I was always the tallest and biggest girl in my class and my self-esteem often took a hit when all the other girls got attention from the guys and I constantly received none.
Even in high school I kept to myself mainly, stemming from my lack of self-esteem and depression, but when I finally began to open up in my junior and senior year, I still didn't receive the attention most high school girls crave. Sure there were the guys on the street who heckled every once in a while, but I wanted to date, feel attractive, and be admired by my male peers.
College did open up new possibilities, as I came to school much happier, more self-assured, and feeling beautiful. Guys (interestingly enough they all were not from my college) began to pay me attention and I even had the chance to date a few times. But I found that it took me wearing low cut shirts to feel pretty. I felt that I need to put my God-given assets on display just to get the attention I so desperately craved.
Just a couple years later I can definitely say that I have matured for the better. 90% of the time I don't feel the need to wear low cut shirts when I go out and I find myself feeling much more comfortable in clothes that don't show much skin. I've also become comfortable with my curves, even my muscular calves. But at the same time, that comfort has hindered me from really improving myself physically and in some parts mentally.
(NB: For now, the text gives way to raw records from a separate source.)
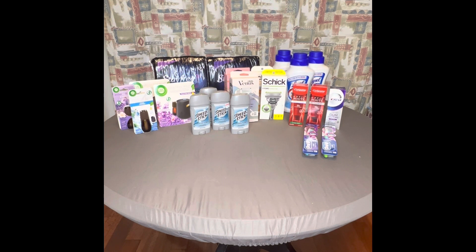Moving on to the two Schick men's razors: I had a $6 off $20 CRT. Those were on sale — one was $12.49 and one was $12.99. I had two $4 digital coupons off each, plus the $6 off $20 CRT. I rolled $4.21 in extra bucks, bringing my total with tax to $8.79. But I got back $10 for purchasing two, making that completely free and even a dollar or two money maker.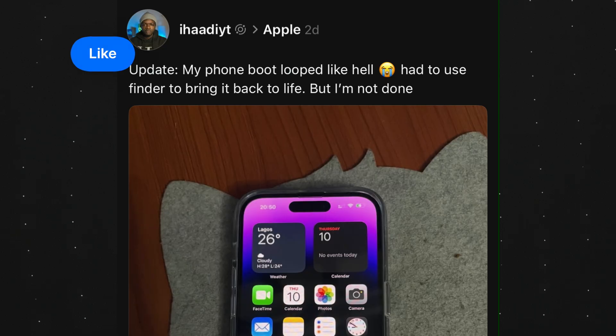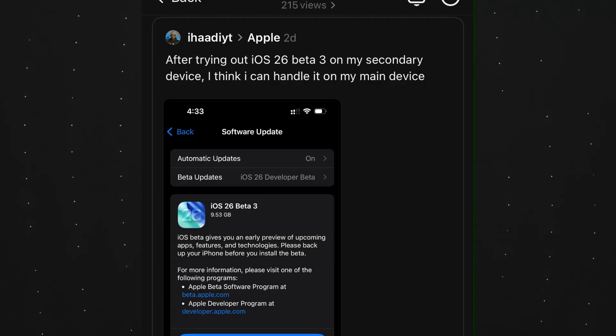Let me know — have you had any boot loop on iOS 26 beta 3? One crazy thing about iOS 26 beta 3 specifically is that Apple did an awesome job with the performance on some certain iPhones, but then they practically destroyed my main iPhone 14 Pro with this particular iOS 26 beta 3. I updated from iOS 18.5 on my main iPhone because I tried it on my secondary iPhone 12, as you can see here, and I was kind of convinced that it was time to try it on my main device — but how wrong I was, because my phone went into a boot loop straight up.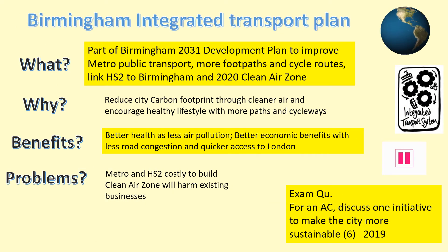This slide gives an overview of the Birmingham Integrated Transport Plan set up by Birmingham Council. Read over the points to ensure that you can write about what the scheme is, why it has been set up, and the good and bad points to this initiative.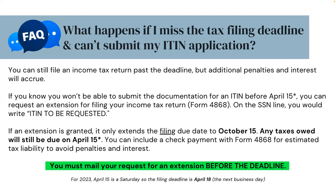What happens if I miss the tax filing deadline and can't submit my ITIN application? You can still file an income tax return past the deadline, but additional penalties and interest will accrue. If you know you won't be able to submit the documentation for an ITIN before April 15th, you can request an extension for filing your income tax return on Form 4868. On the SSN line, you would write 'ITIN to be requested.' If an extension is granted, it only extends the filing due date to October 15th — any taxes owed will still be due on April 15th. You can include a check payment with Form 4868 for estimated tax liability to avoid penalties and interest. You must mail your request for an extension before the filing deadline.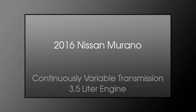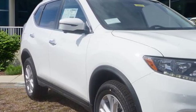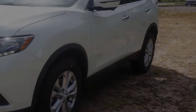This is a 2016 Nissan Murano. This crossover has a continuously variable transmission and a 3.5 liter engine.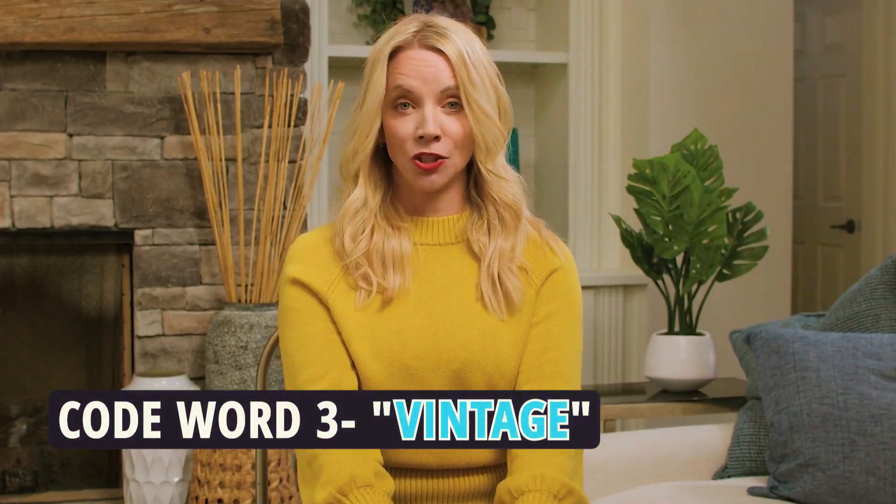Code word number three: vintage. Get ready for a blast from the past, but not the groovy kind. It's like stepping into a time machine, but no cool tunes.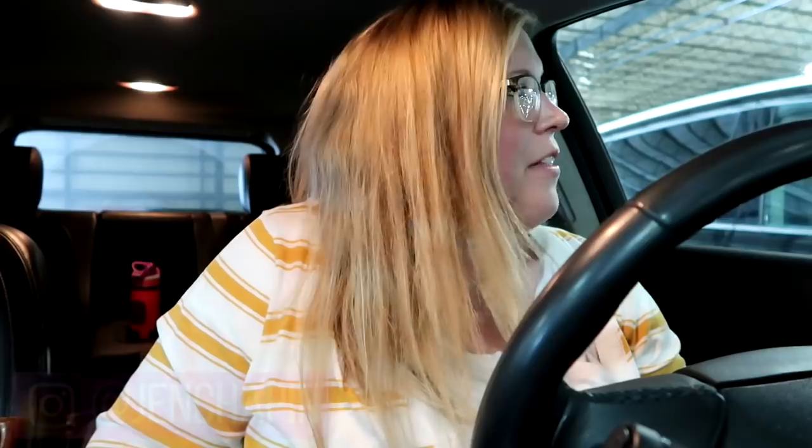Hey guys, it's Jen, welcome back to my channel and welcome back to another Costco haul. It has been a hot minute since I have done a Costco haul — it might be going on like four or five months. We are currently out of toilet paper; we have a roll in every bathroom but no backups, so I need toilet paper, paper towels, and a lot of other things I normally get here.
I have large breasts (DDD's) and a large butt. I love these about myself. But I also have flabby arms and a tummy. I struggle with these parts of my body. I know I could stand to loose a good deal of weight, but I also know that I will loose a good deal of my curves. And that scares me.
I suppose that's an immature and vain fear but it's one that took me 22+ years to fully realize and appreciate. This fear has helped me to realize that I still rely heavily upon my body to gain attention even if I don't wear revealing things. My friends even joke that guys will stare at my boobs even when they are covered up because they are so big. And that vain part of my glows.
So what's next? What do I do with these realizations? Honestly, I'm still trying to figure that out. This is a vulnerability that I have to work on. But I will work on it and I will work out. But the most important thing is that I know that I need to do this for myself and not for attention. It's a journey and a hard one, but I won't be giving up anytime soon.